▸ WORK ITEM
Each line holding the string "National" is to be copied from the data.

▸ EXTRACTED DATA
________________________________________
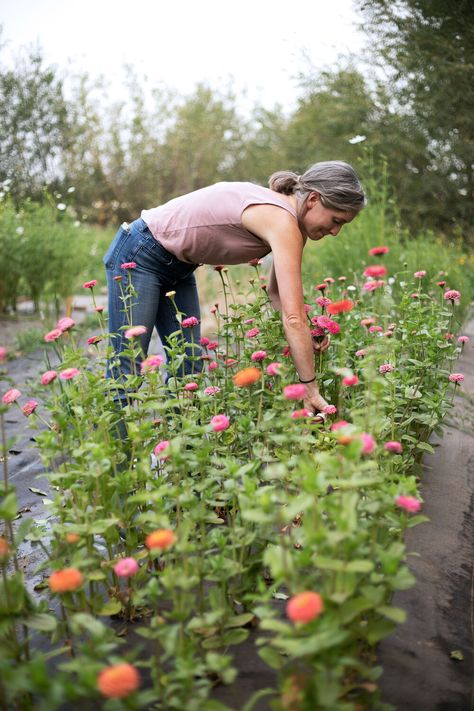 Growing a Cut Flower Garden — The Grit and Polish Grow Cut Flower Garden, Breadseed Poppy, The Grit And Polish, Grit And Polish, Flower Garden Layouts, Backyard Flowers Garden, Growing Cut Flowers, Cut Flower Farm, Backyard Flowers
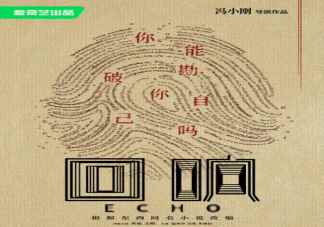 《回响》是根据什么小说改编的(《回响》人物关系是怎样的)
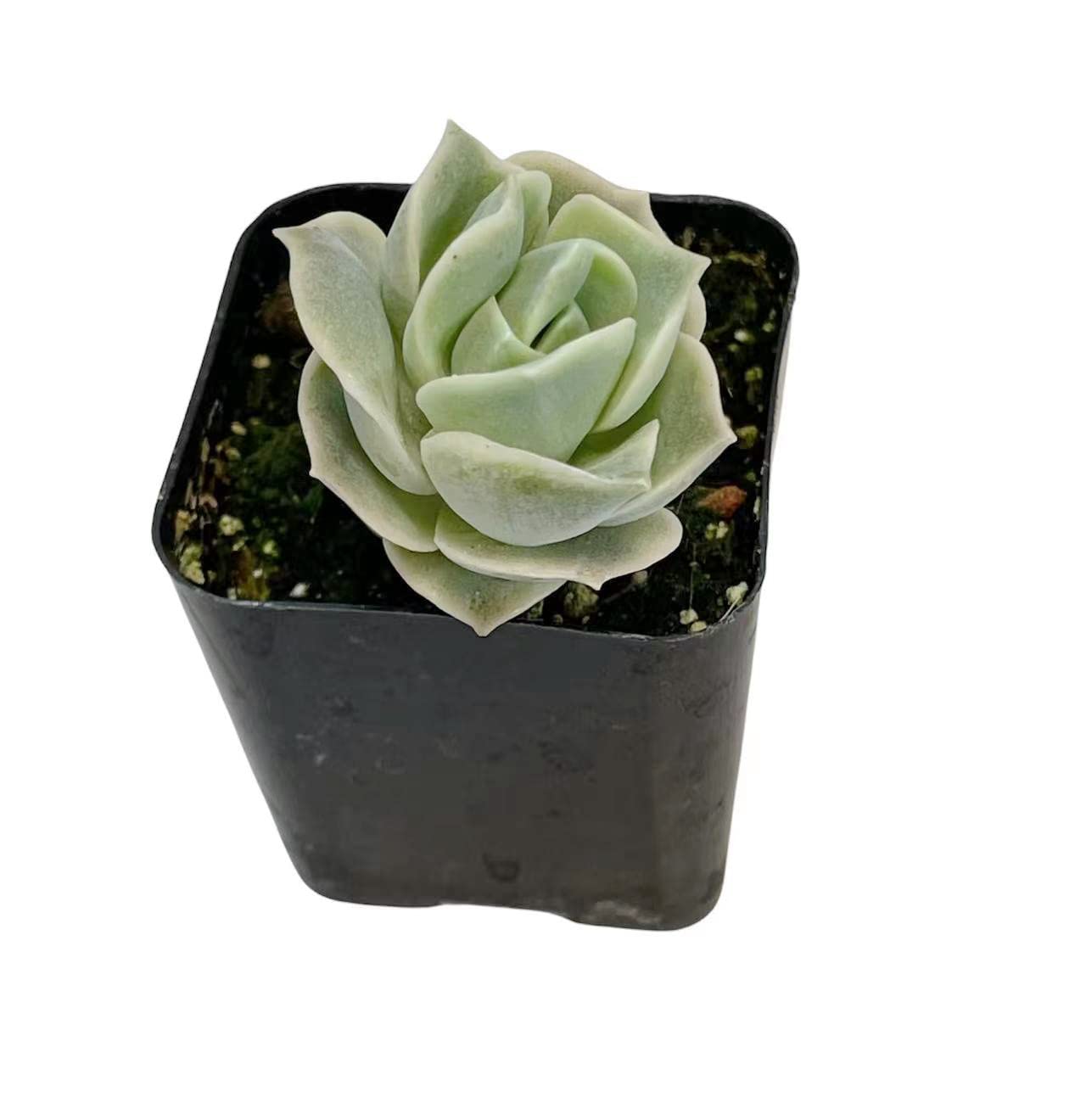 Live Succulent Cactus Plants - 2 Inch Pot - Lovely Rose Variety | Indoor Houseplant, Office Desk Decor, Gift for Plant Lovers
________________________________________
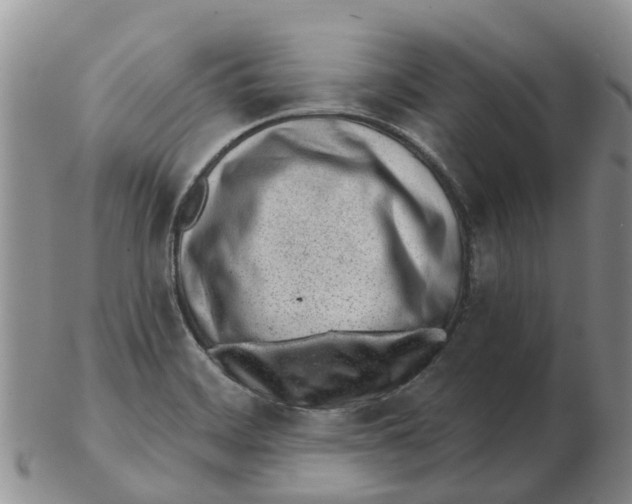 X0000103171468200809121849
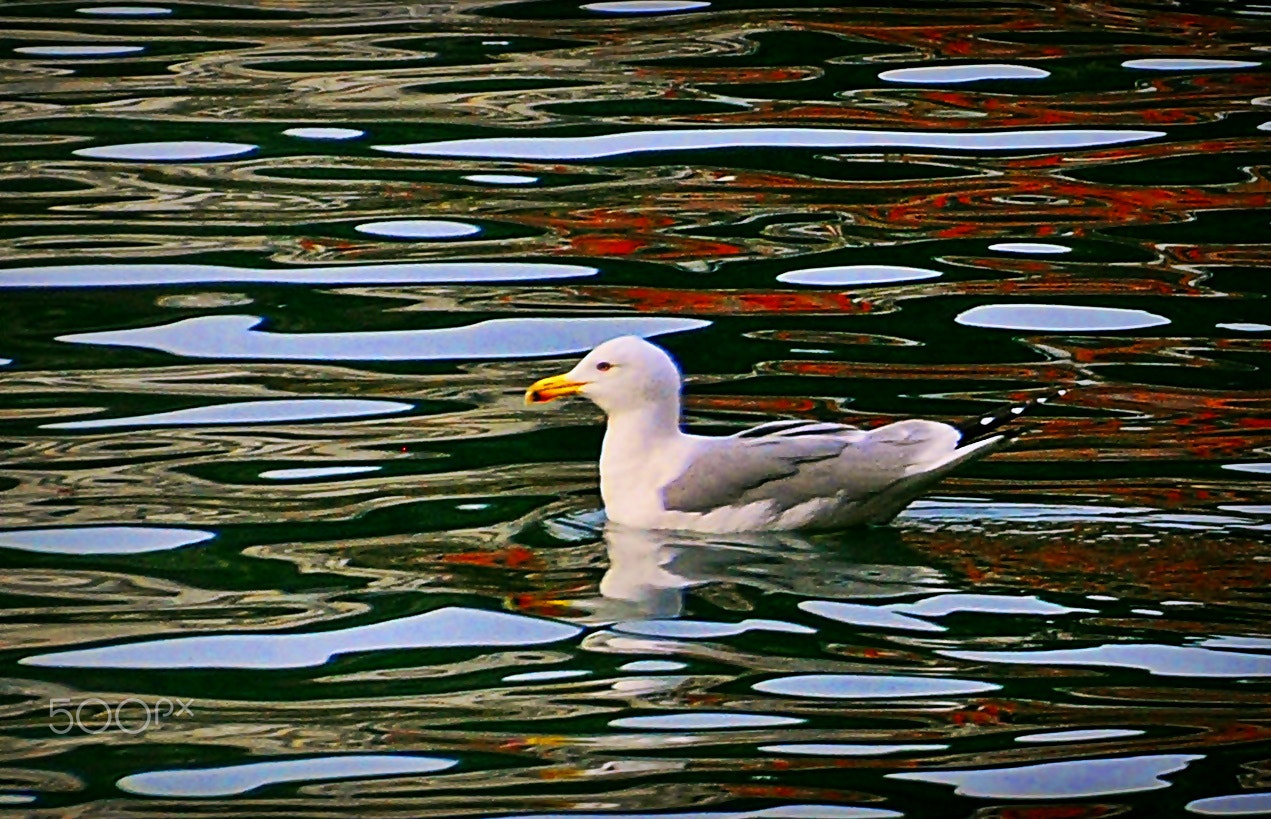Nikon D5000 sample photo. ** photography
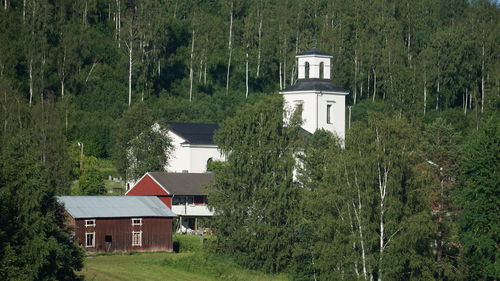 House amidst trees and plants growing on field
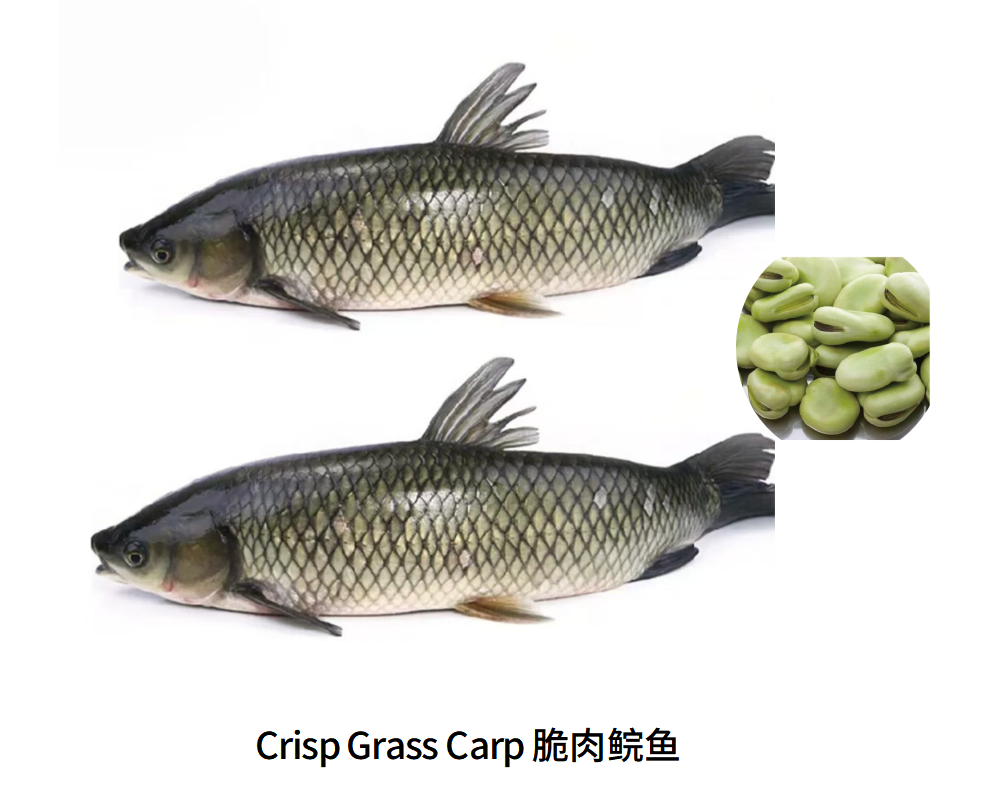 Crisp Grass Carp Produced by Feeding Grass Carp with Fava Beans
________________________________________
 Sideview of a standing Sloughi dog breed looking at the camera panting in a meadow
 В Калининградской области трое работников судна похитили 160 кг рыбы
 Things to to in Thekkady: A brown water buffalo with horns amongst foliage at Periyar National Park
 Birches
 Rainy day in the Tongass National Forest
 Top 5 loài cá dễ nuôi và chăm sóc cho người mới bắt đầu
________________________________________
▸ COMPLETED TASK
 Things to to in Thekkady: A brown water buffalo with horns amongst foliage at Periyar National Park
 Rainy day in the Tongass National Forest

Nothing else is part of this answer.